Advertising Age has a great example of the complete and utter incompetence many newspaper executives still have when it comes to the web.
Then in January, Martin Nisenholtz, New York Times Co. senior VP-digital operations, got up at the annual Online Publishers Association summit in Florida, an event closed to the press, to blast both the algorithm and the results presentation on the screen.
He’d just run a search for Gaza, which had been at war with Israel since Dec. 27. Google returned links to outdated BBC stories, Wikipedia entries and even an anti-Semitic YouTube video well before coverage by the Times, which had an experienced reporter covering the war from inside Gaza itself.
Search results for “Gaza” on March 20 began with two Wikipedia links, a March 19 BBC report, two video clips of unclear origin, the CIA World Factbook, a Guardian report and, most strikingly, a link to Gaza-related messages on Twitter.

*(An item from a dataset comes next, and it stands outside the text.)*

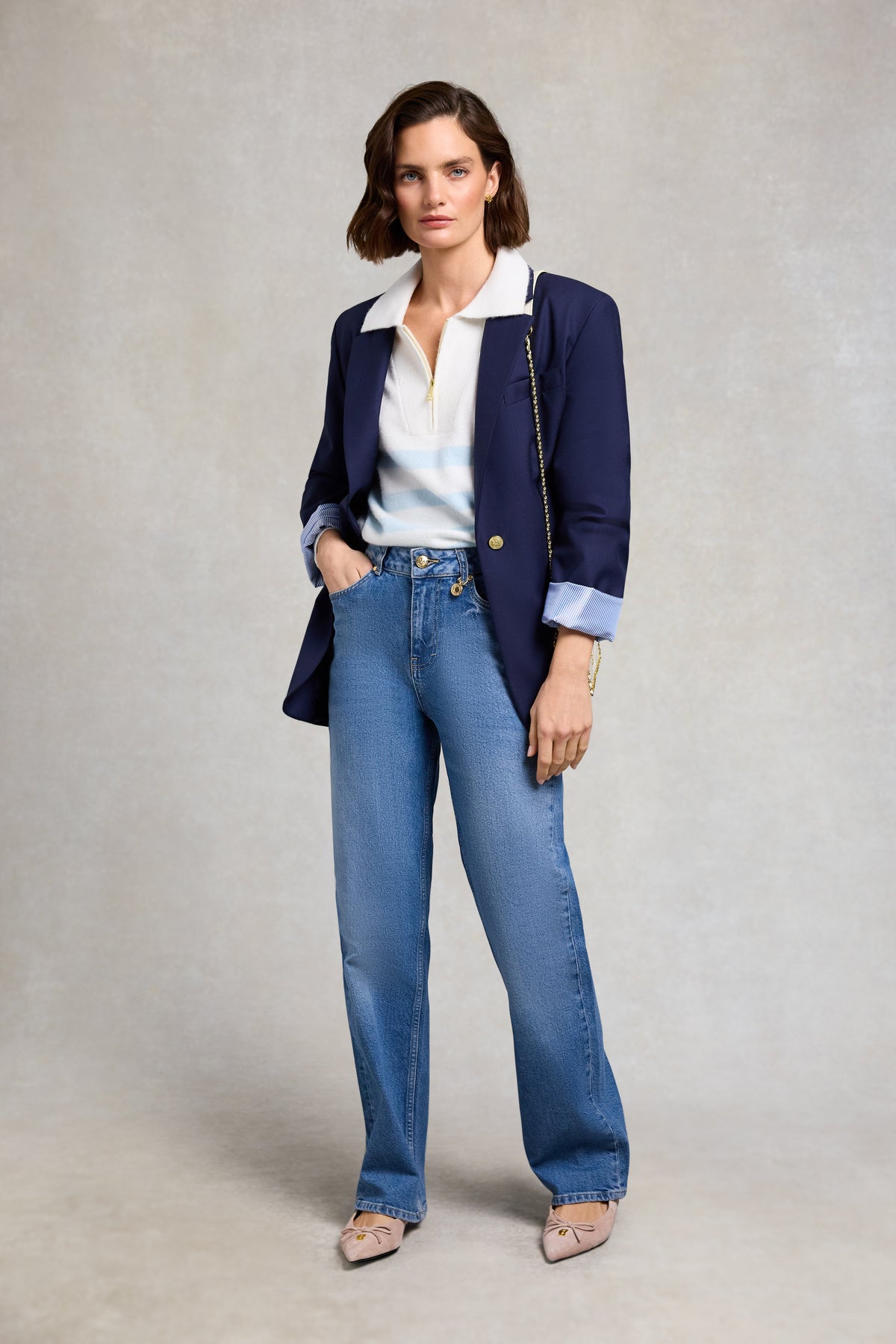 Lydia Quarter Zip Knit (Natural Powder Blue)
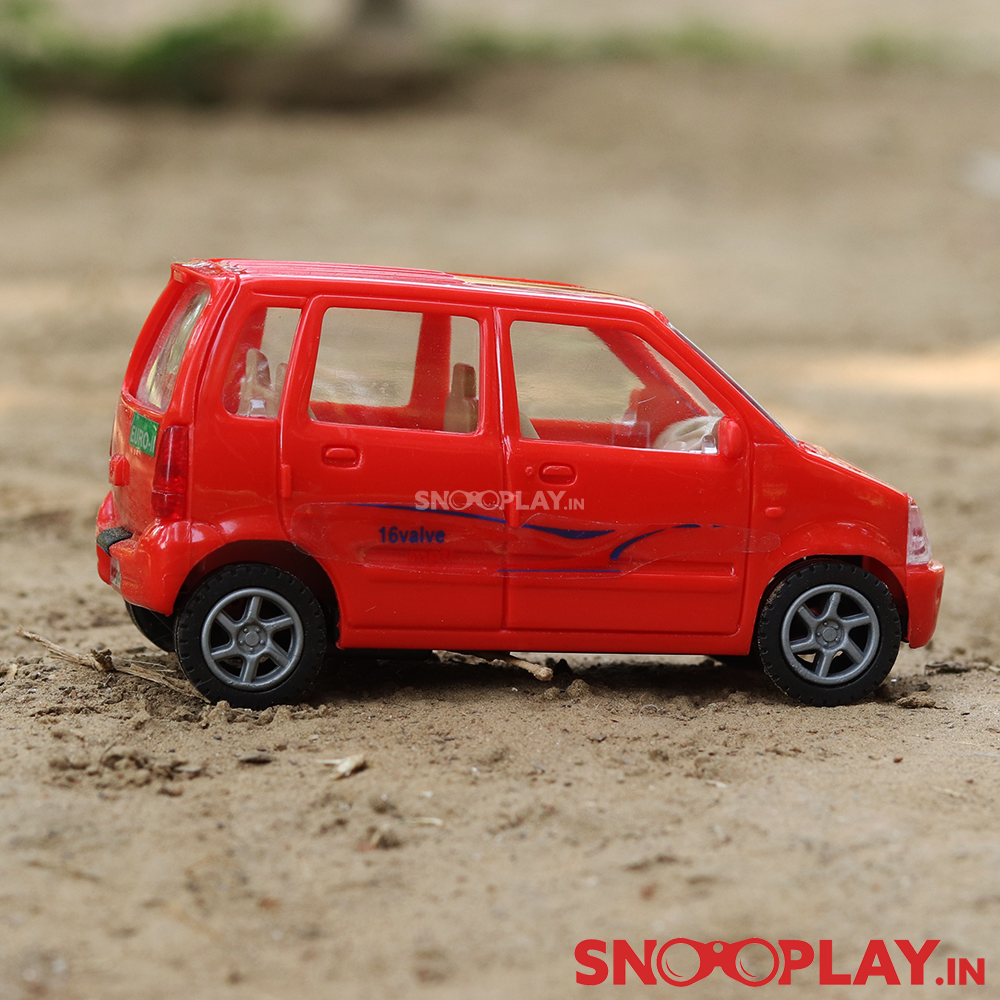Miniature toy car of Wagon-R, red in colour, with a classy interior.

The last paragraph isn’t quite accurate. What shows up is not a report from the Guardian on Gaza, but rather a portal-style page where The Guardian has *gasp* actually assembled a page listing all of its recent news stories on Gaza along with links to videos, photographs, commentary and assorted other resources on Gaza.
Now, there’s nothing stopping the New York Times from creating a similar aggregation page, except that it is too busy whining at publisher meetings and tinkering with nonsense like ACAP to think about what its readers (and, in turn, Google) might find valuable.
The reason the NYT didn’t show up on on the first page of a Google search on Gaza is quite simply that it didn’t deserve to. Maybe it can borrow more money Carlos Slim Helú to buy a clue. It might start by finding a VP of digital operations who knows what he’s doing.